‘Hospitality sector seen as growth driver in Oman’s real estate’

Muscat - 

Oman is investing heavily in its tourism and hospitality sector as it aims to host seven million tourists by 2040, including 2.7mn in Muscat, according to the latest Oman Market View by global real estate consultancy firm, CBRE. 

This has primarily benefitted Muscat, with the construction of multiple new infrastructure and real estate developments, including the ongoing work on the long-delayed Muscat International Airport, as well as other projects such as the Mall of Oman and The Wave, which are designed to craft the ‘Oman brand’, stated a press release. While already targeting a diversified visitor base, the MICE market will become an increasingly important revenue generator for Oman in the coming years, subsequent to the opening of the Oman Convention & Exhibition Centre at the end of 2016.

Mat Green, head of research and consulting, CBRE Middle East said, “The ongoing construction of various internationally branded hotels, including the Westin, W, JW Marriott and Kempinski, will better cater to corporate demand.”

The first half of 2017 indicated steady growth of average occupancy rate, with a 2.2 per cent increase from 59.6 per cent in H1 2016 to 60.9 per cent in H1 2017, as per data from STR Global. During the period 2005 to 2016, hotel supply in Muscat more than tripled from approximately 2,900 to 9,600 rooms. This pace of expansion is also expected to be maintained moving forward, with almost 3,400 rooms currently under construction and expected to be operational by 2018, with a further 9,000 new rooms to open by 2021, depending on the pace of planned and on-hold projects.

With a number of major additions to the hotel market during the first half of the year, pressure on ADR’s has remained intense, with an 8.9 per cent decrease for the period June year-to-date, as rates dipped to RO65.89 per room per night from RO71.81 per room for a night in the same period last year. RevPAR has seen some notable decline, falling from RO42.79 per room per night in H1 2016 to RO39.82 per room per night in H1 2017, equating to a 6.9 per cent drop, as per data from STR Global.

According to the report, the residential rental market witnessed a very minor contraction during H1 2017, with rental rates declining marginally by one per cent. Landlords are now more willing to negotiate on rentals with both existing and prospective tenants to combat rising vacancy rates. Building tenant loyalty and ensuring ongoing asset management of properties, has become increasingly important as supply levels and competition have risen.

“The first half of the year witnessed a decline of around 70 per cent in the total value of real estate transactions, as compared to the same period last year, based on figures from the National Centre for Statistics and Information.  This was primarily due to the sizeable decline in the value of mortgage transactions. This reflected a drop in both values and volume terms, as volumes from GCC nationals dipped by more than 50 per cent on a year-on-year basis,” said Green.

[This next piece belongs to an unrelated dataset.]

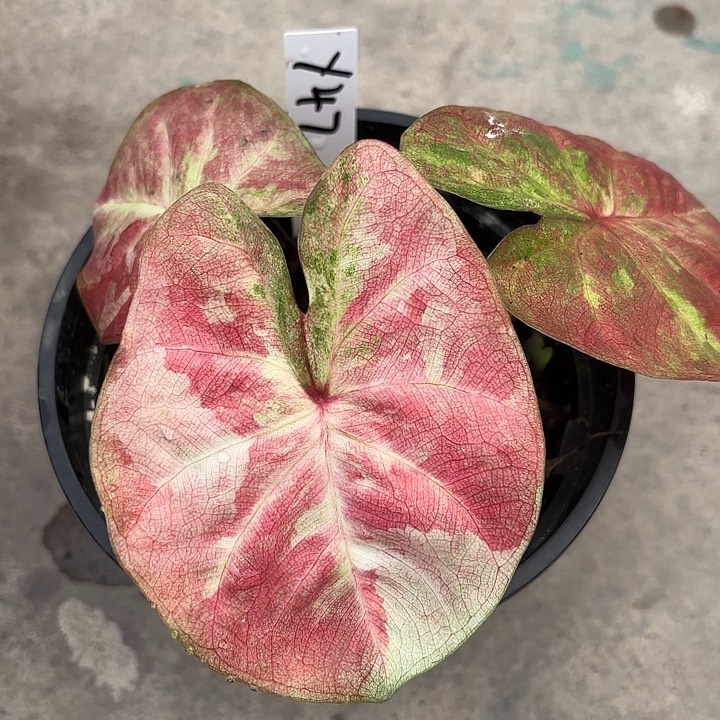 47-0219彩叶芋广东现货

Residential sales prices fell modestly by around two per cent during H1 2017 and approximately five per cent year-on-year. Overall sales market sentiment remains weak, due to the prolonged period of low oil prices and overall economic mood, at a country and regional level.

Despite soft fundamentals, future supply levels continue to grow quite quickly, with close to 18,000 residential units expected to be delivered in the next two years. Muscat’s office market remains under deflationary pressure as the economy continues to feel the negative impacts of low oil pricing.

Average office rentals have now declined seven per cent year-on-year and three per cent during the first half of 2017, as demand levels have weakened from both local and international occupiers. With new office accommodation being delivered into the market in locations such as Azaiba, Ghala and Al Khuwayr, we expect to see a further softening of rentals, with greater flexibility in leasing terms also becoming more prevalent.

“With the economic headwinds continuing to limit new office demand, the office sector will remain somewhat constrained in the short term at least, with minimal evidence of current occupier expansion or new market entrances,” said Green.

However, with well-located Grade A office accommodation with adequate parking in comparatively low supply, occupancy rates for these properties are likely to remain high, with rental rates for prime spaces stable in the range of RO8-RO10 per sq m per month.